Ratgeber

Kindergeld für Saisonarbeiter EuGH kippt deutsche Regelung

Wer in Deutschland arbeitet und Einkommensteuer bezahlt, der hat gegebenenfalls auch Anspruch auf deutsches Kindergeld. Und das gilt auch für Saisonarbeiter, wie der Europäische Gerichtshof nun klarstellt.

13932841.jpg

Fließt auch im Heimatland Kindergeld, dann wird es mit den deutschen Leistungen verrechnet.

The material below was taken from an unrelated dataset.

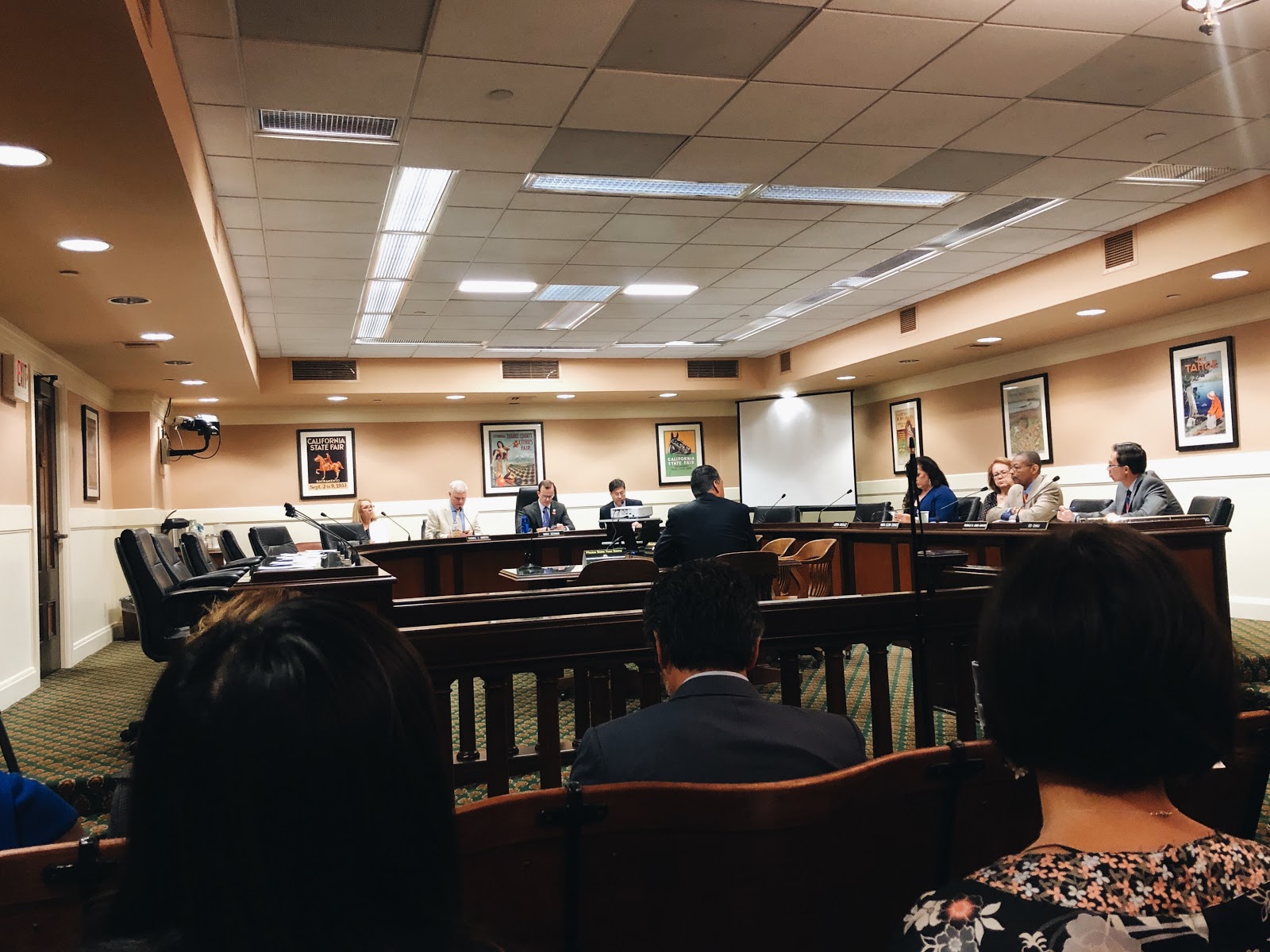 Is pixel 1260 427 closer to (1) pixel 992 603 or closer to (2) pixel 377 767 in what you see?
(1) pixel 992 603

(Foto: picture-alliance/ dpa)

Deutschland darf Saisonarbeiter aus Polen und anderen EU-Ländern nicht deshalb vom Kindergeld ausschließen, weil sie in ihrem Heimatland eine vergleichbare Leistung bekommen. Dies verstößt gegen ihre Freizügigkeitsrechte, wie der Europäische Gerichtshof jetzt entschieden hat. Danach darf Deutschland aber das ausländische Kindergeld auf das deutsche anrechnen. (Az: C 611/10 und C 612/10)

Nach EU-Recht gilt für Arbeitnehmer im Regelfall die soziale Absicherung desjenigen Landes, in dem sie arbeiten. Davon ausgenommen sind allerdings Arbeitnehmer, die nur vorübergehend in einem anderen Land arbeiten. Die beiden Kläger waren jeweils mehrere Monate als Saisonarbeiter beziehungsweise als "Entsandter" des polnischen Arbeitgebers in Deutschland tätig. Beide verlangten für diese Zeit Kindergeld. Das deutsche Recht sieht dies zwar auch für Saisonkräfte vor, allerdings nicht dann, wenn die Arbeitnehmer schon in ihrer Heimat eine vergleichbare Leistung bekommen. Das ist in Polen der Fall.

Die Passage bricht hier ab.